=== Section Start ===

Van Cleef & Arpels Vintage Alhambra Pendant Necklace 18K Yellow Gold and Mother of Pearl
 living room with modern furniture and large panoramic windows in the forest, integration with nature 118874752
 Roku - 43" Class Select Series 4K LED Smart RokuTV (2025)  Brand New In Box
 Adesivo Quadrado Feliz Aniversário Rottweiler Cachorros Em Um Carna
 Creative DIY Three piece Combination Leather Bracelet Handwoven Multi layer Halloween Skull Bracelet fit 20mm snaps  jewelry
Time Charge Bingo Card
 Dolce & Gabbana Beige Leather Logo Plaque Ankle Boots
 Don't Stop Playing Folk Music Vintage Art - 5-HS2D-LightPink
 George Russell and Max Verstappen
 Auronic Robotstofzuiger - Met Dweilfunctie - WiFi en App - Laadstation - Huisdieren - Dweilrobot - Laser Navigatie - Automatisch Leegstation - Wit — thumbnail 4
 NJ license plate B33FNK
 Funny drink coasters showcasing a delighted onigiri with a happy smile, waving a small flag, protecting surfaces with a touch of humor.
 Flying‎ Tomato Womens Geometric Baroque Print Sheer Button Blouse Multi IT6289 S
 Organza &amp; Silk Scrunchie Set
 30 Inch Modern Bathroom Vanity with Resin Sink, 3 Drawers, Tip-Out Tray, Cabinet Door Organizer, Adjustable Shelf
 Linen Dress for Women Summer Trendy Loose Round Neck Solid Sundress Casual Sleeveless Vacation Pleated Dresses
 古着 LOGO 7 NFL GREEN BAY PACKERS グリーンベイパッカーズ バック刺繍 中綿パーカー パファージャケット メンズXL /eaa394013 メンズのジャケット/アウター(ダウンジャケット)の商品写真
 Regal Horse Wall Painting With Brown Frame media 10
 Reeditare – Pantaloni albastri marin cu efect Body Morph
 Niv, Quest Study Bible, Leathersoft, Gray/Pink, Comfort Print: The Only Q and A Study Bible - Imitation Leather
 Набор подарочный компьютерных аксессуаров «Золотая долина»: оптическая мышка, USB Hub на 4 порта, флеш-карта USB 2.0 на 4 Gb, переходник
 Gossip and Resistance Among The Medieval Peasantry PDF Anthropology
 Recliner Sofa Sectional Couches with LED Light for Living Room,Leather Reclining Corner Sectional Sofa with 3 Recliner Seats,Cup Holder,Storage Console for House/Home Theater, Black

=== Section End ===

▸ EXERCISE
Retype exactly, and only, the lines that run from the one with "George Russell and Max Verstappen" through the final line of the entries.

▸ TASK OUTPUT
 George Russell and Max Verstappen
 Auronic Robotstofzuiger - Met Dweilfunctie - WiFi en App - Laadstation - Huisdieren - Dweilrobot - Laser Navigatie - Automatisch Leegstation - Wit — thumbnail 4
 NJ license plate B33FNK
 Funny drink coasters showcasing a delighted onigiri with a happy smile, waving a small flag, protecting surfaces with a touch of humor.
 Flying‎ Tomato Womens Geometric Baroque Print Sheer Button Blouse Multi IT6289 S
 Organza &amp; Silk Scrunchie Set
 30 Inch Modern Bathroom Vanity with Resin Sink, 3 Drawers, Tip-Out Tray, Cabinet Door Organizer, Adjustable Shelf
 Linen Dress for Women Summer Trendy Loose Round Neck Solid Sundress Casual Sleeveless Vacation Pleated Dresses
 古着 LOGO 7 NFL GREEN BAY PACKERS グリーンベイパッカーズ バック刺繍 中綿パーカー パファージャケット メンズXL /eaa394013 メンズのジャケット/アウター(ダウンジャケット)の商品写真
 Regal Horse Wall Painting With Brown Frame media 10
 Reeditare – Pantaloni albastri marin cu efect Body Morph
 Niv, Quest Study Bible, Leathersoft, Gray/Pink, Comfort Print: The Only Q and A Study Bible - Imitation Leather
 Набор подарочный компьютерных аксессуаров «Золотая долина»: оптическая мышка, USB Hub на 4 порта, флеш-карта USB 2.0 на 4 Gb, переходник
 Gossip and Resistance Among The Medieval Peasantry PDF Anthropology
 Recliner Sofa Sectional Couches with LED Light for Living Room,Leather Reclining Corner Sectional Sofa with 3 Recliner Seats,Cup Holder,Storage Console for House/Home Theater, Black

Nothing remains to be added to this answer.